In 2021, these films are still making big bucks. This is partly because they double as promotion for the artists in question, generating album and ticket sales. But over the last decade, these films have migrated away from theatres and directly into viewers’ homes – first via prestige TV, then with the help of streaming giants. The likes of Netflix have spent the last few years engaged in a frenzied bidding war with rival platforms to secure the exclusive rights to various pop star docs, in the hope that fans will subscribe to their service over the competition.

Beyoncé’s three-project deal with Netflix was worth a reported $60 million; Apple TV+ paid Billie Eilish $25 million for the forthcoming The World’s a Little Blurry; and Amazon Prime paid the same amount for an as-yet-untitled Rihanna doc, also due out this year. Who knows how much Nicki Minaj, who’s already been the subject of two feature films, recently made in her deal with HBO Max. Same goes for Demi Lovato, whose Dancing with the Devil – her second YouTube-produced film – hits the platform next month.

At the same time as these films appear to be reaching critical mass, their reception among non-fans has not really improved since 2011, especially as the stars themselves have run out of ways to disguise the fact that these are only not cash-grabs but exercises in brand control. It’s telling that the best-received examples – including but not limited to Lady Gaga’s Five Foot Two, Beyoncé’s Homecoming and Taylor Swift’s Miss Americana– largely deviate from the Bieber formula, or else are less bald-faced in their stage-managing.

Still, these exceptions do not appear to have coerced streaming platforms away from the Bieber model entirely: Eilish’s doc, as well as Netflix’s recent BLACKPINK: Light Up the Sky, suggest that fan power still outweighs years active in the industry when it comes to commissioning such films.

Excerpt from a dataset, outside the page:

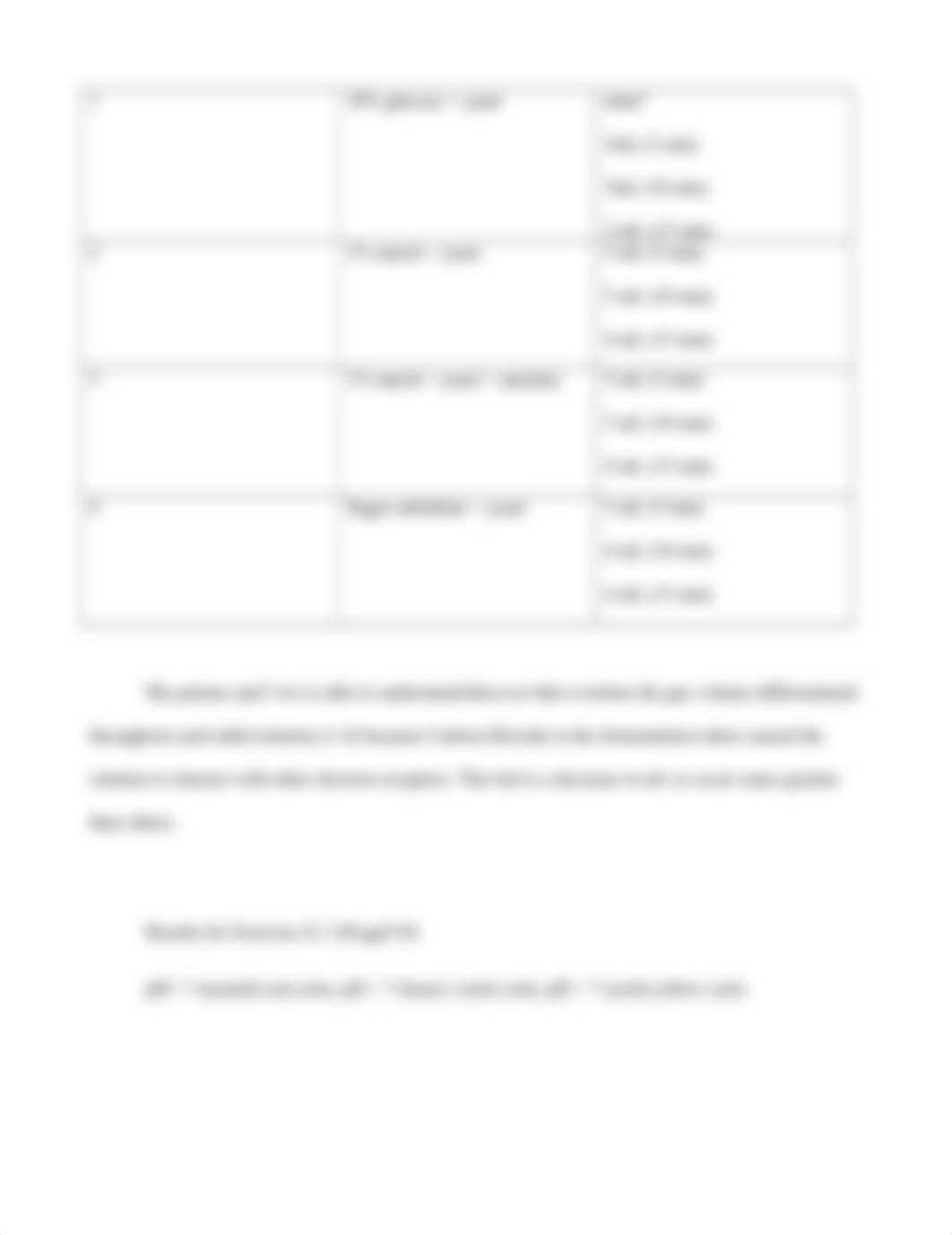 Cellular Respiration Lab Report.docx_dcot6egmujp_page2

And then there’s the small matter of Shawn Mendes: In Wonder, which feels like a bizarre full-circle moment in their history. Mendes is another small-town Canadian who broke through covering others’ songs – this time on Vine, where he gained thousands of followers after posting his rendition of Bieber’s ‘As Long As You Love Me’. The closest thing the younger Canuck’s film has to a central conflict is him stretching his voice to its “breaking point” mid-tour. That just so happens to be the lone ordeal suffered by Bieber in Chu’s film.